The paper "The Relationship Between Government Intervention in Economy" is an outstanding example of macro and microeconomics coursework. There has been a great debate between the economist and other scholars on whether the government can intervene in an economy fully or limits its intervention to only emerging industries. The free-market economist opposes the government intervention citing various reasons. These reasons include the risk of poor governance, effects on individual freedom to spend, and causing market inefficiency (Gruber, 2004). Contrary, other scholars support government involvement in an economy since it acts as a regulatory mechanism that corrects market inefficiencies, which does not correct itself.
The reasons cited by those for government intervention includes correcting market failure, a tool of macroeconomics, and tax function (Gruber, 2004). The essay discusses the need for and against government intervention in an economy. The conclusion elaborates if it is best for the government to intervene in an economy or allow market forces to regulate it. The free-market economist assumed that the economy has a self-regulatory mechanism that corrects its deviation from equilibrium. The free market was termed as laissez-fair which is a French term meaning leave it alone.

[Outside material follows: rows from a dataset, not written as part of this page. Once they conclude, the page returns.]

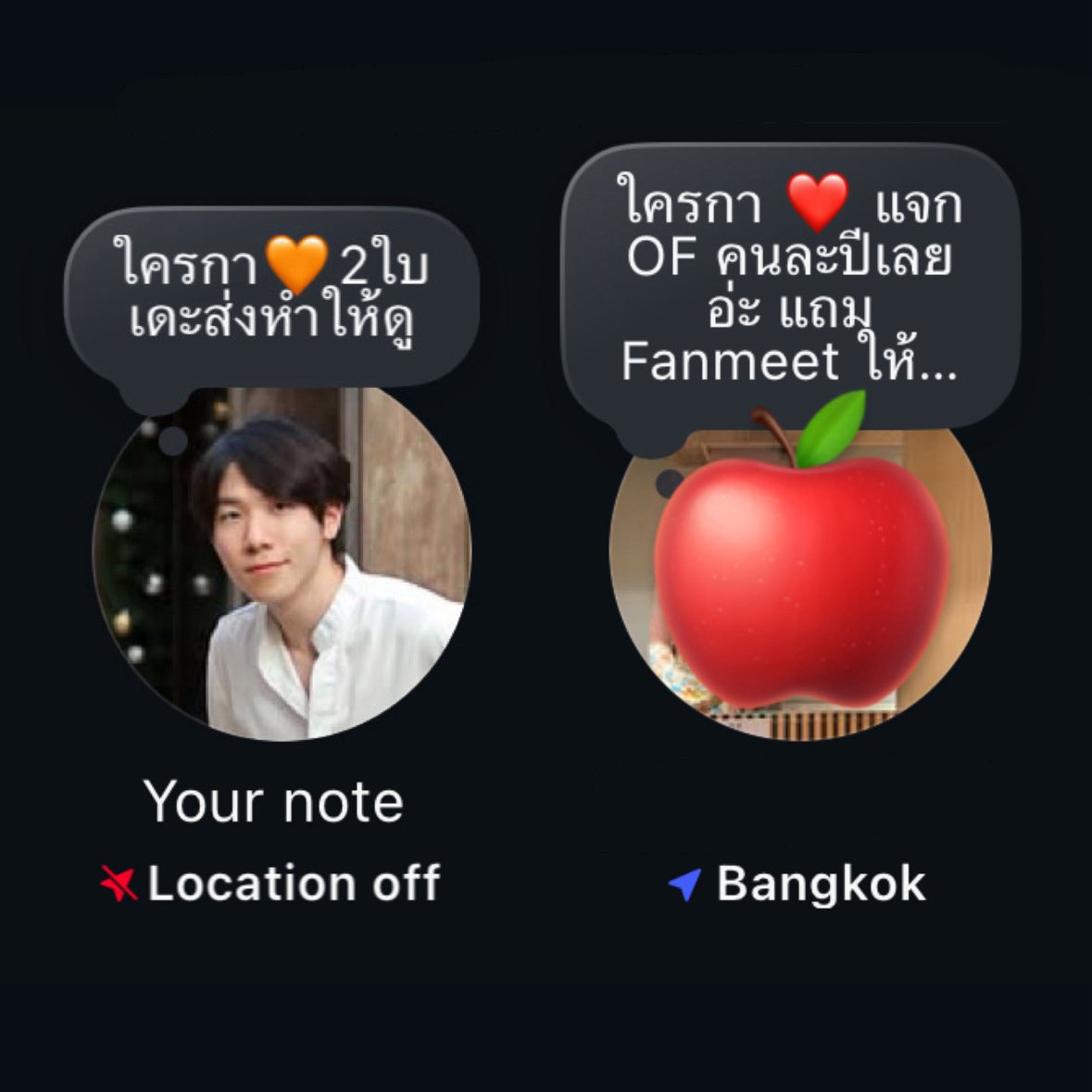 ของแบบนี้มันยอมกันไม่ได้ปะ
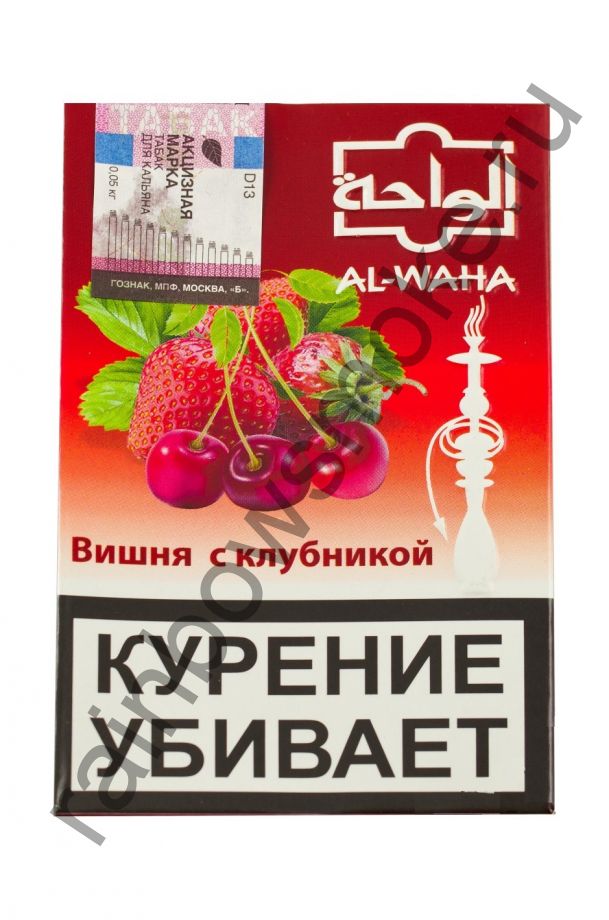 Al Waha 50 гр - "Вишня с Клубникой"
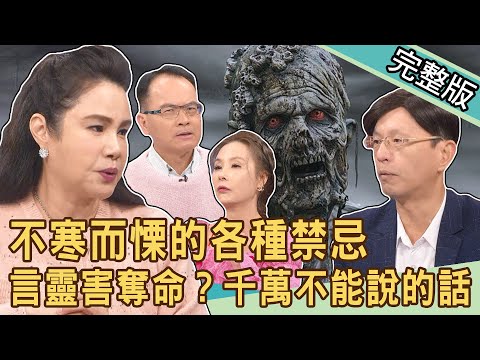 【新聞挖挖哇】不寒而慄的各種禁忌！言靈作祟害奪命？哪些話千萬不能說！喪煞衝命宮，時運不濟要怪誰？這樣也能告？20240301｜來賓：陳啟鵬、廖美然、夏乙薇、蘇家宏、許聖梅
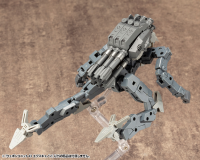 WEAPON UNIT43 EXCANNON 8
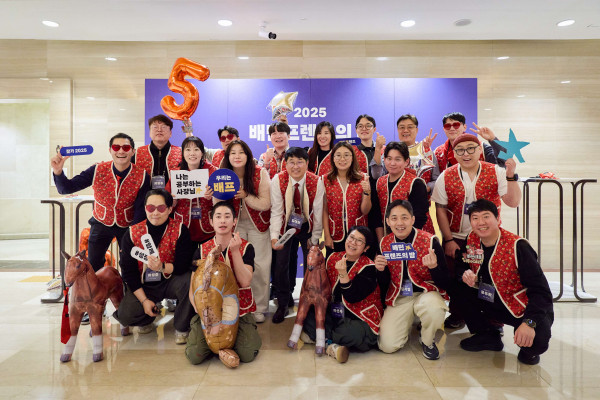 ▲배달의민족을 운영하는 우아한형제들은 1일 서울 송파구 롯데호텔월드에서 ‘2025 배민프렌즈의 밤’을 개최했다. (사진제공=우아한형제들 )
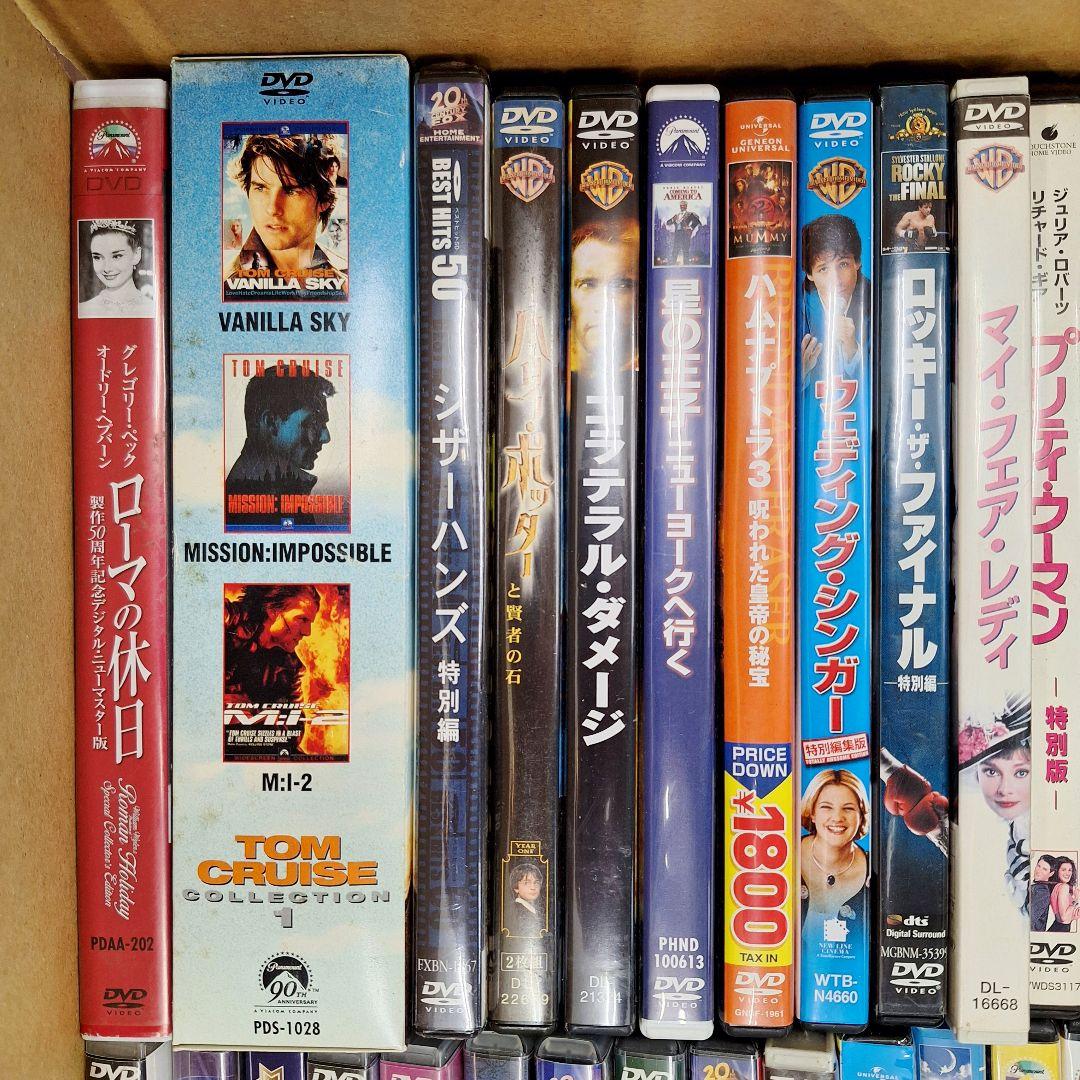 洋画 DVD Blu-ray まとめ売り 103枚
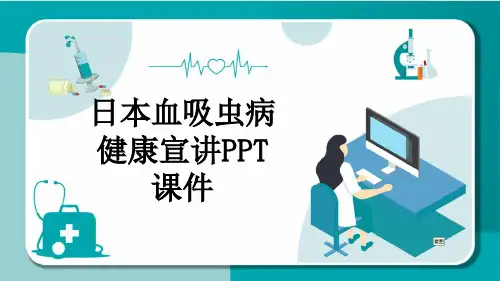 日本血吸虫病健康宣讲PPT课件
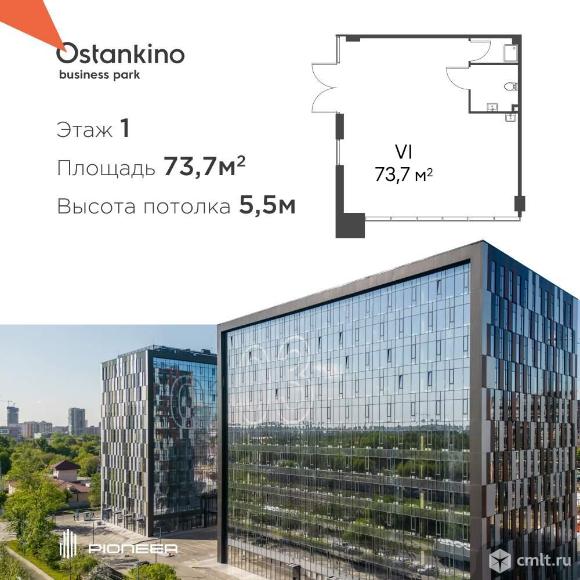 Продается ПСН 73.7 м2. Фото 1.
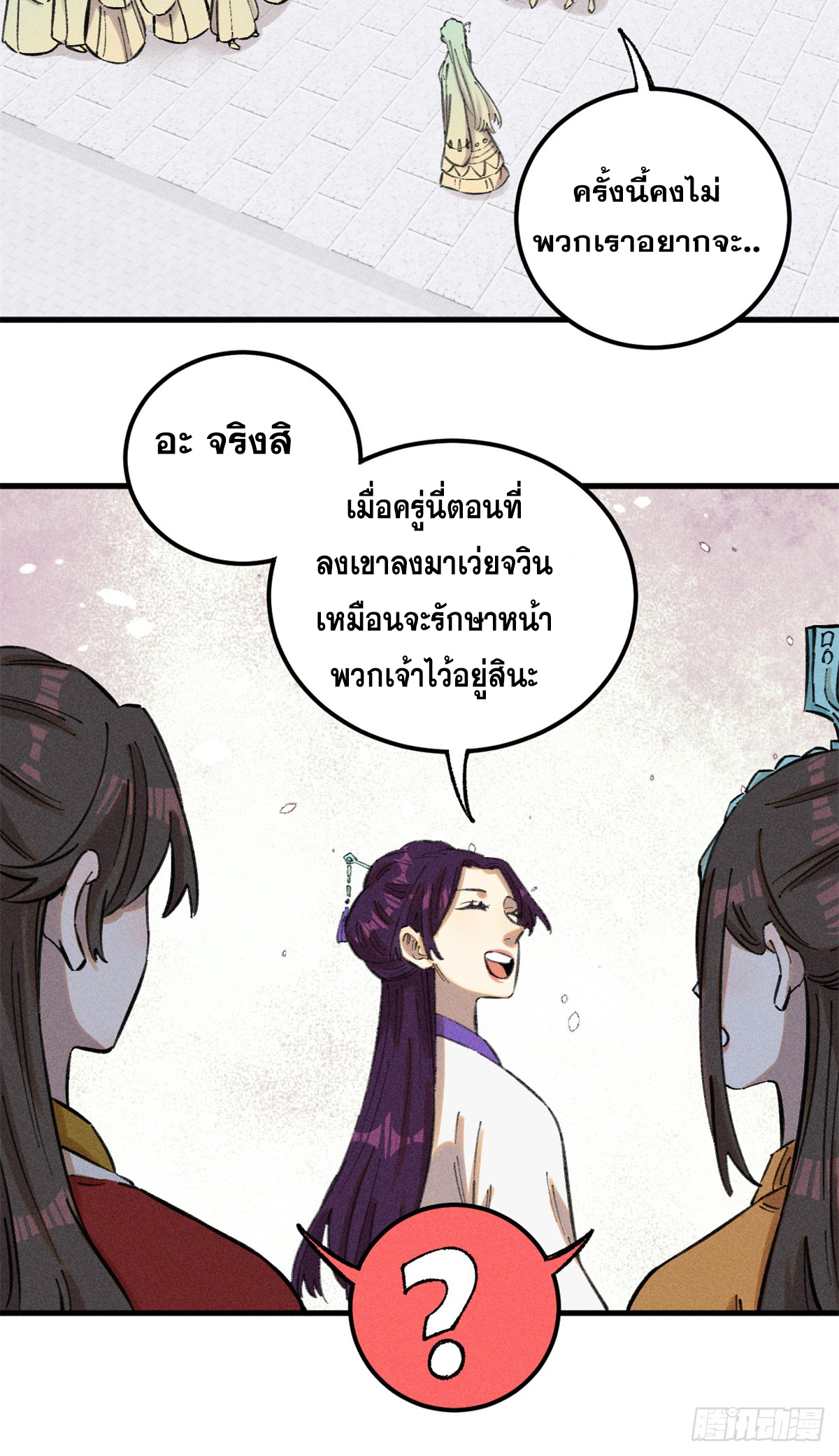 สุภาพชนเว่ยผู้ไม่ยี่หระต่อความตาย ตอนที่ 16 หน้า 24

According to Arrighi (2007), Smith advocated for the free market but encouraged little government intervention concerning establishing fundamental laws and regulation that acts as a framework for businesses in an economy. The book further terms free-market economy as a market that builds faith in individual and distrust for governance body. Therefore, the lack of government intervention in an economy may lead to malpractices that are advantageous to one group and disadvantageous to the others. Smith considered little government intervention in an economy healthy since investors turned to it for guidance for example subsidies, formulation and enactment of trade policies, and provision of grants (Arrighi, 2007).
Therefore, the economy cannot act on its own without government intervention and its limitation to only emerging industries is not sufficient in developing a robust and efficient economy. According to Gruber (2004), government participation is categorised into two forms that are social and economic involvement. The two types of interventions affect the market directly and indirectly. The economic intervention entails those rules and regulations that affect price levels.
The government adopts economic participation with two motives; protecting the consumer from the price hike, and small enterprise in an economy dominated by a few large companies. The small companies are always disadvantaged since large corporations enjoy economies of scale resulting in a lower cost of production. The low cost of production enables them to sell its products at a lower price compared to infant companies which create a disparity in profit margins. These lead to the creation of monopoly effect which lowers consumer satisfaction since they lack a broad range of products to choose from when making consumption decision.
According to Fischer (1993), the government assumes that the market is not perfectly competitive. Thus its involvement tries to bring out a common ground for firms with different financial muscles to compete fairly. Therefore, economic interventions prevent unhealthy competition that discourages new entrance to the market and limiting consumer satisfaction. The unhealthy competition entails practices such as price wars and unethical advertising.